Challenge 4: Mutating hotel bookings dataset

challenge_4
hotel_bookings
Saksham Kumar
More data wrangling: mutate
Author

Saksham Kumar

Published

April 12, 2023

Code
library(tidyverse)

knitr::opts_chunk$set(echo = TRUE, warning=FALSE, message=FALSE)

Challenge Overview

Today’s challenge is to:

  1. read in a data set, and describe the data set using both words and any supporting information (e.g., tables, etc)
  2. tidy data (as needed, including sanity checks)
  3. identify variables that need to be mutated
  4. mutate variables and sanity check all mutations

Read in data

We read in the hotel_bookings.csv dataset, using the correct R package and command.

Code
bookings<-read_csv("_data/hotel_bookings.csv", show_col_types = FALSE)
bookings

Briefly describe the data

The data corresponds to hotel bookings. There are 119390 rows and 32 variables in our data. The 32 data types and their data types are mentioned below.

Code
spec(bookings)
cols(
  hotel = col_character(),
  is_canceled = col_double(),
  lead_time = col_double(),
  arrival_date_year = col_double(),
  arrival_date_month = col_character(),
  arrival_date_week_number = col_double(),
  arrival_date_day_of_month = col_double(),
  stays_in_weekend_nights = col_double(),
  stays_in_week_nights = col_double(),
  adults = col_double(),
  children = col_double(),
  babies = col_double(),
  meal = col_character(),
  country = col_character(),
  market_segment = col_character(),
  distribution_channel = col_character(),
  is_repeated_guest = col_double(),
  previous_cancellations = col_double(),
  previous_bookings_not_canceled = col_double(),
  reserved_room_type = col_character(),
  assigned_room_type = col_character(),
  booking_changes = col_double(),
  deposit_type = col_character(),
  agent = col_character(),
  company = col_character(),
  days_in_waiting_list = col_double(),
  customer_type = col_character(),
  adr = col_double(),
  required_car_parking_spaces = col_double(),
  total_of_special_requests = col_double(),
  reservation_status = col_character(),
  reservation_status_date = col_date(format = "")
)

Tidy Data (as needed)

The data looks clean for an initial analysis and does not need to be tidied.

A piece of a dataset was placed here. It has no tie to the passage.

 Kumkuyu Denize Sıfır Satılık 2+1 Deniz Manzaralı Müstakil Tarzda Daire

Identify variables that need to be mutated

Looking at the data we see that we have 3 variables that can be coalesced into one - arrival_date_day_of_month, arrival_date_month, arrival_date_year.

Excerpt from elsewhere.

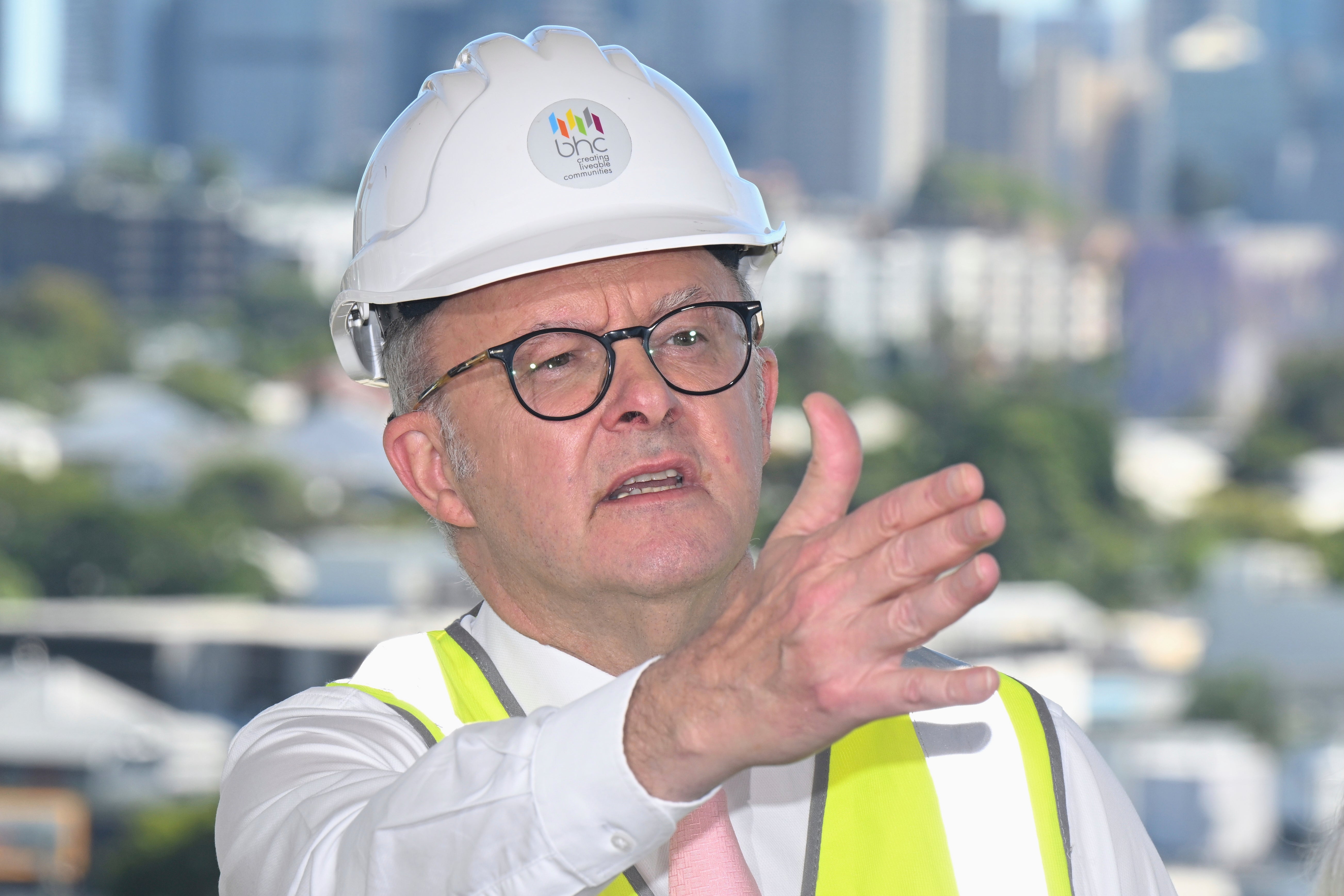 Australski premijer Anthony Albanese govori tijekom posjeta stambenom projektu u kutu Kamenje u biračkom tijelu Griffith u Brisbaneu, u utorak, 29. travnja 2025.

Using mutate the first three fields can be combined into a single arrival date field.

Code
bookings_mutate_date_arrival<-bookings%>%
  mutate(date_arrival = str_c(arrival_date_day_of_month, arrival_date_month, arrival_date_year, sep="/"))

bookings_mutate_strToDate<-bookings_mutate_date_arrival%>%
  mutate(date_arrival = dmy(date_arrival))

bookings_mutate_strToDate[ , c("arrival_date_day_of_month", "arrival_date_month", "arrival_date_year", "date_arrival")]  
Code
summary(bookings_mutate_strToDate$date_arrival)
        Min.      1st Qu.       Median         Mean      3rd Qu.         Max. 
"2015-07-01" "2016-03-13" "2016-09-06" "2016-08-28" "2017-03-18" "2017-08-31" 

We can now clean the data by removing the now redundant variables arrival_date_day_of_month, arrival_date_month and arrival_date_year

Code
bookings_final <- bookings_mutate_strToDate%>%
  select(-starts_with("arrival"))

bookings_final